Mr Christopherson: Another Tory mistake.

Mr Bucci: I didn't do Bill 59.

The Chair: Further questions or comments? Seeing none, I'll put the question. Shall the amendment carry? Recorded vote.

Ayes

Fisher, Galt, Jordan, Maves, O'Toole, Ouellette, Stewart.

Nays

Christopherson, Hoy, Patten.

The Chair: Section 9, as amended, carries.

Moving now to sections 10 through 17. Questions or comments, please.

1710

Mr Christopherson: Again, an explanation by the parliamentary assistant as to what these sections do.

Mr Maves: I'm sorry, Chair. Are we on section 10?

The Chair: It was section 10 through 17, inclusive. Are you asking about one specific section, Mr Christopherson?

Mr Christopherson: You can start right at the first section.

The Chair: Section 10.

Mr Maves: The same consequential amendments as affect the Legislative Assembly Act reflect a change. That is 10(1), and 10(2) is a consequential amendment that affects the Legislative Assembly Act and reflects a change in the name of the legislation. And 11.

Mr Christopherson: Wait a minute. Again, 10 is a result of the $1 million wasted on the name change.

Mr Maves: It's a result of bringing in a new piece of legislation and having to change other acts to make them conform.

Mr Christopherson: But it's reflecting the name change. It's not just consequential in terms of clause, subclause. If you brought in amendments to the Workers' Compensation Act that didn't include changing the name, some of these amendments wouldn't have to be made because the reference they're changing is the name of the act. Is that correct?

Mr Maves: That's correct.

Mr Christopherson: So it is part of the $1 million you are wasting.

Mr Maves: Yes.

Mr Christopherson: You're actually getting clearer in your thinking. You've now admitted twice it's wasted money.

The Chair: Further questions and comments? Seeing none, I put the question. Shall sections 10 through 17 carry? All those in favour?

Mr Christopherson: Wait a minute. That was section 10. Now I want to hear about 11.

The Chair: Okay.

Mr Maves: It's the same one, Madam Chair. Change consequential to the Municipality of Metropolitan Toronto Act, reflects a change in the name of the legislation from Workers' Compensation Act to Workplace Safety Insurance Act.

Mr Christopherson: That's part of the wasted $1 million too?

Mr Maves: Part of changing the act, yes.

Mr Christopherson: And 12?

Mr Maves: Yes, I just answered the question.

Mr Christopherson: I'd like you to refer to it.

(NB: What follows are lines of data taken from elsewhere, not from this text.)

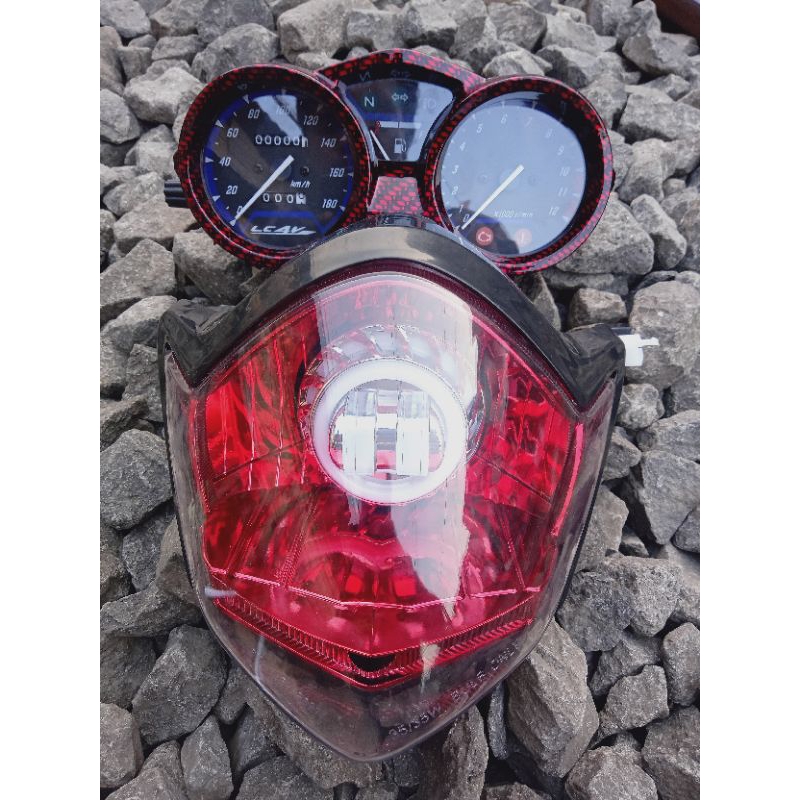 lampu depan Vixion old/lama + spidometer carbon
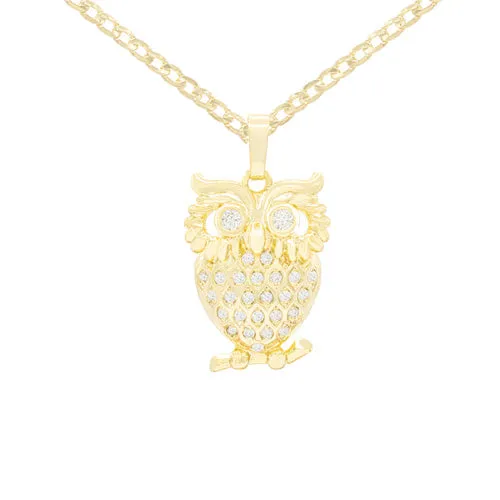 Owl Cubic Zirconia Pendant With 14K Gold Filled Necklace Set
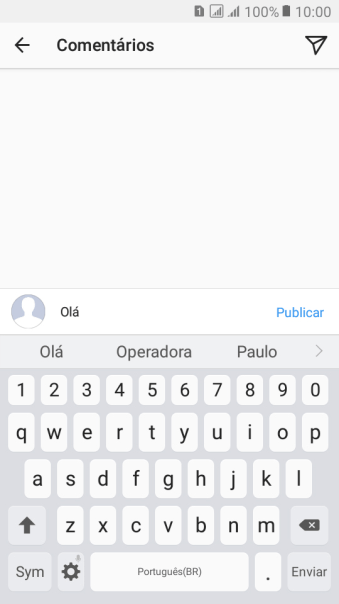 Digite o texto desejado, e pressione Publicar. Digite o texto desejado, e pressione Publicar.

Mr Maves: It's a consequential amendment as --

Mr Christopherson: What does it refer to? Come on, you can do this. I have a right to have a question. I'm asking what is section 12?

Mr Maves: I've answered.

Mr Christopherson: You're giving a generic answer. I'm asking what section 12 specifically changes.

The Chair: Please allow time for an answer.

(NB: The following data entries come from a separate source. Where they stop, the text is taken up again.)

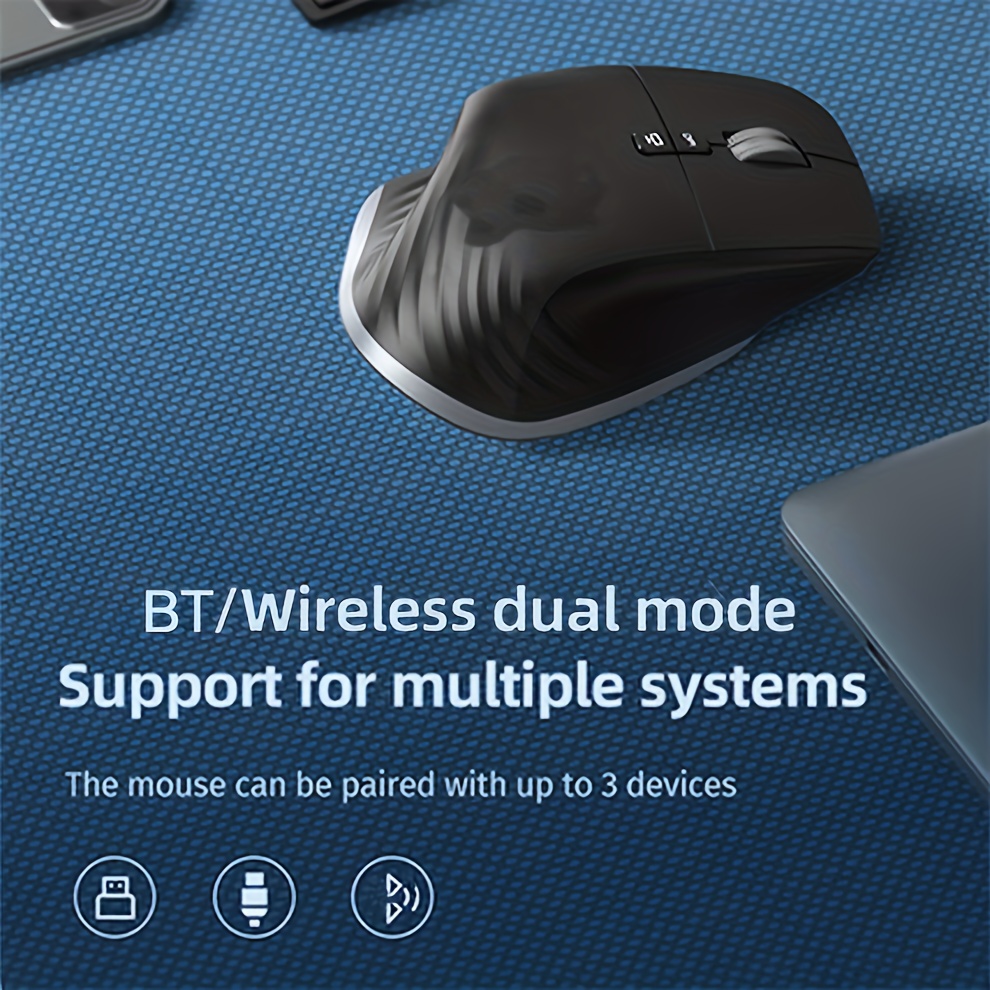 Ergonomic Dual Mode Gaming Mouse RGB 2.4Ghz Wireless Rechargeable Mouse for Multi Device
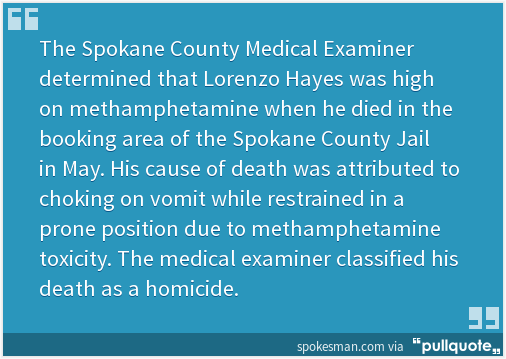 LilMissFactFace's tweet photo. @thecounted Restrained inmate choked on own vomit #LorenzoHayes #Spokane http://t.co/UIi00r6hFP http://t.co/BalCybFX5F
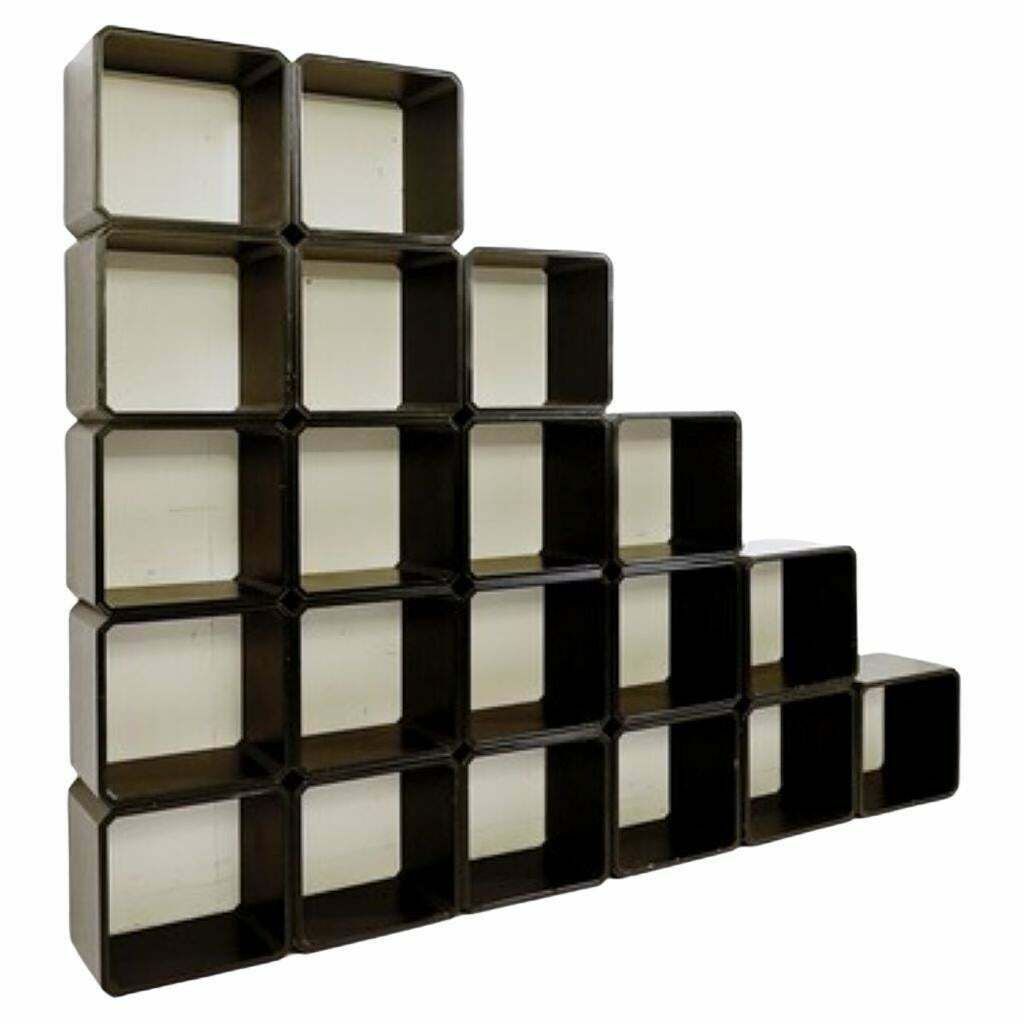 Mid Century Set Of Modular Wooden Cubes photo vintage
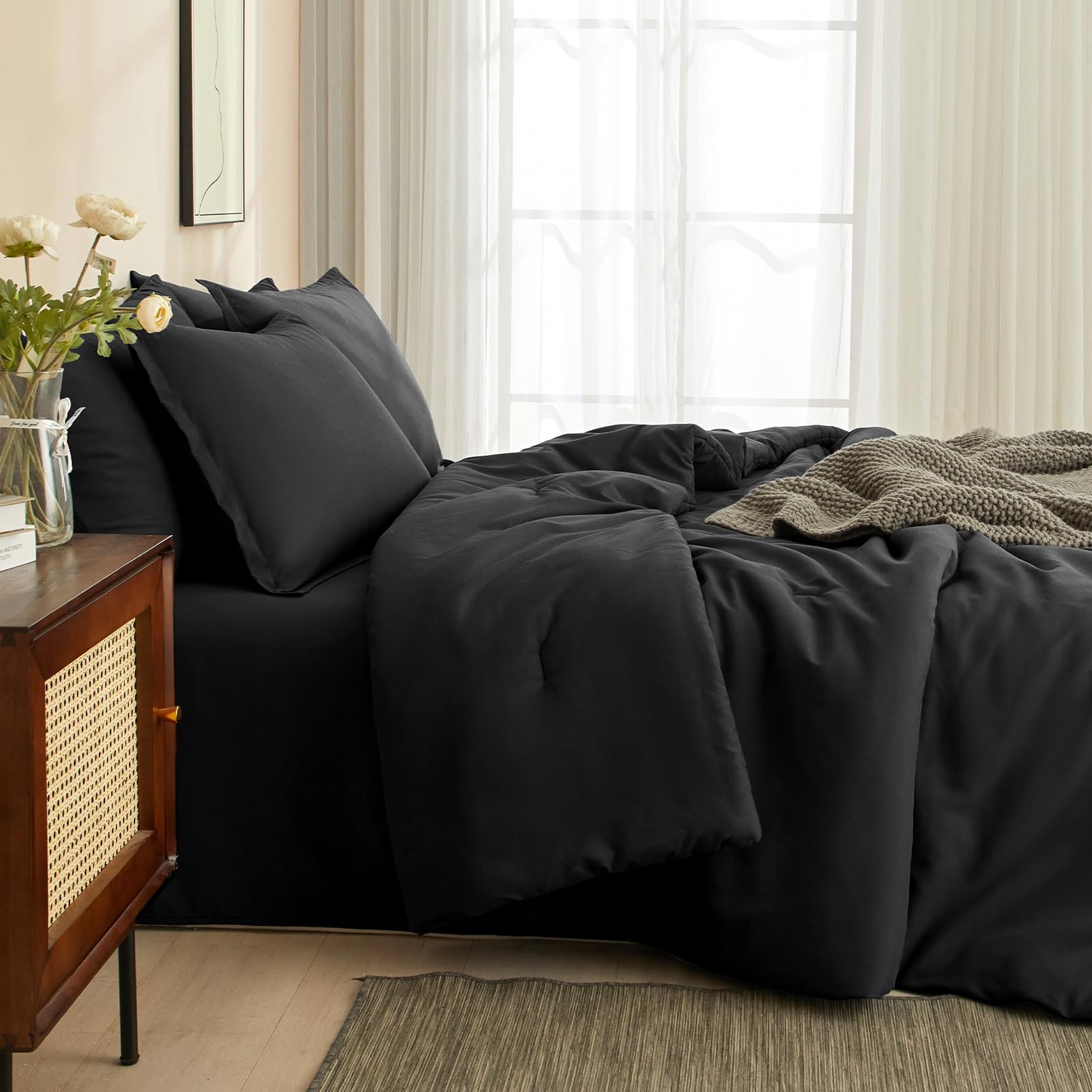 Foto 6 | Edredón Queen Size con Sábanas PHF Negro 7 Piezas - Venta Internacional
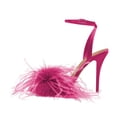 thumbnail image 2 of XYD Women Open Toe Feather Sandals Adjustable Strap Buckles High Stiletto Heels Wedding Party Summer Shoes Size 7 Fuchsia, 2 of 4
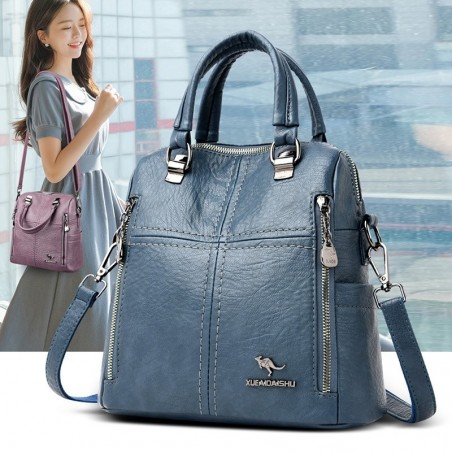 MochilasLeather shoulder bag - with multi zippers / hand strap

Mr Maves: A consequential amendment, I'll say it again, as it affects the Municipality of Metropolitan Toronto Act to reflect a change in the name of a legislation from Workers' Compensation Act to Workplace Safety Insurance Act.

Mr Christopherson: I don't think so. Unless the compendium that was sent out is wrong, I think that's section 11. We're on section 12.

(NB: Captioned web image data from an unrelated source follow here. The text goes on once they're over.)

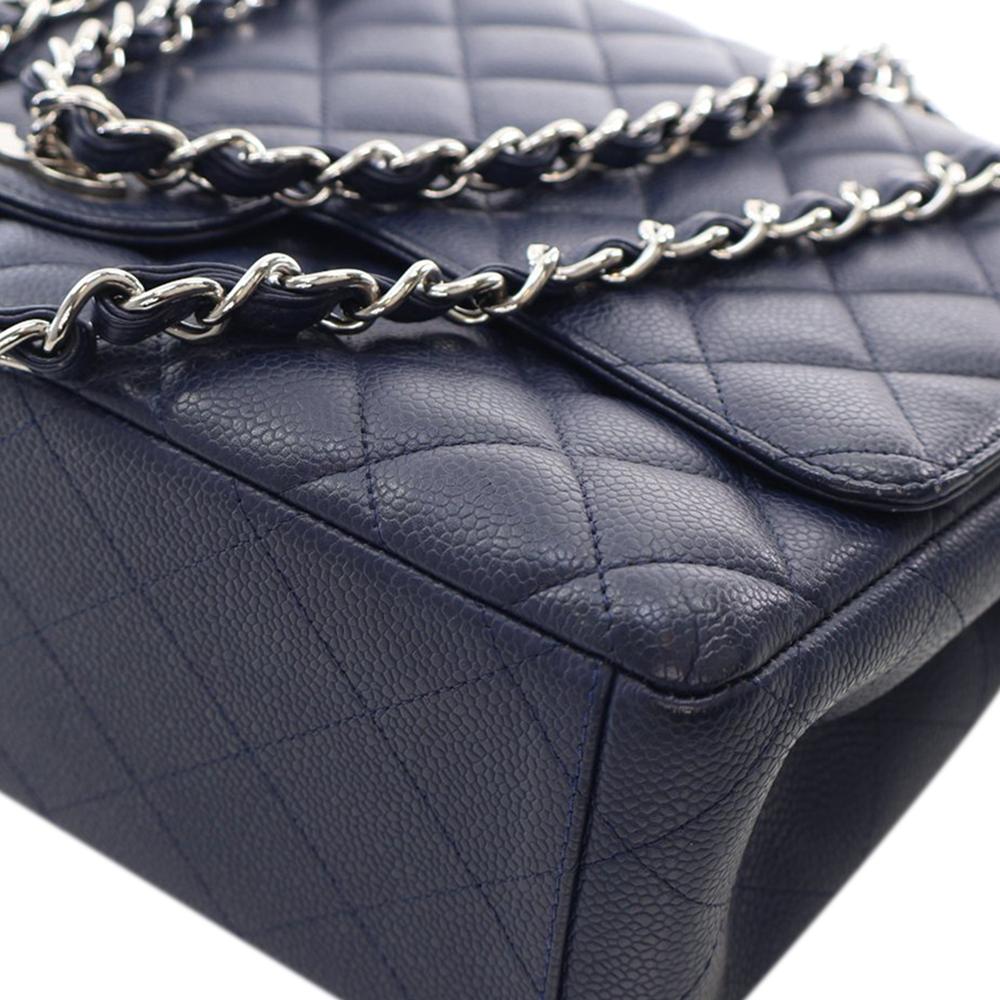 Chanel AB Chanel Blue Dark Blue Caviar Leather Leather Maxi Classic Caviar Single Flap Italy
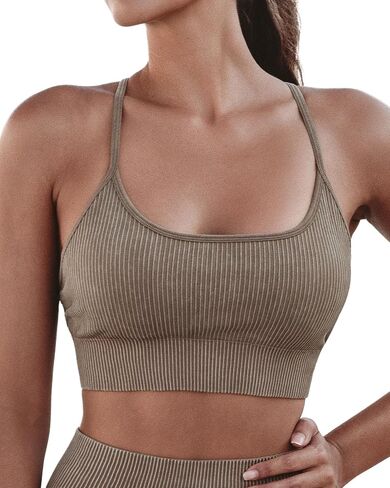 Women's Ribbed Sports Bra, U Neck Padded Crisscross Back, Low Impact Yoga Workout Top in Saudi Arabia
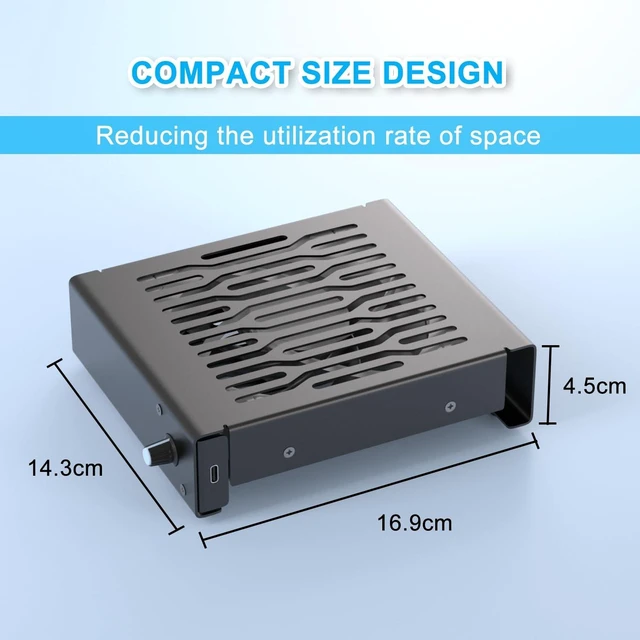 Alt view image 13 of 14 - Quiet 120mm USB Cooling Fan with Aluminum Stand, Compatible with Mac mini Desktop Organizer for TV Box, Mini PC & Switch, Home/Office Use (TF-120)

Mr Maves: No, we're on section 11 because you stopped and made me go back to 11.

Mr Christopherson: All right. Do 12.

The Chair: Order, please. For clarification: You are asking a question on section 11?

Mr Christopherson: I'd like each one. He already answered once about the municipality because section 10 was the Legislative Assembly Act.

The Chair: Okay. We're on 11.

Mr Maves: All right, now I answered the one on the Municipality of Metropolitan Toronto Act.

Mr Christopherson: Right. I heard that answer twice. But fine, 12.

Mr Maves: Chair, are we moving to section 12?

The Chair: Mr Christopherson, again I ask you to direct your questions through the Chair, and if you would do each one specifically, then we will have no confusion. My understanding is that you're asking for clarification on section 12.

Mr Christopherson: Yes. It comes right after 11.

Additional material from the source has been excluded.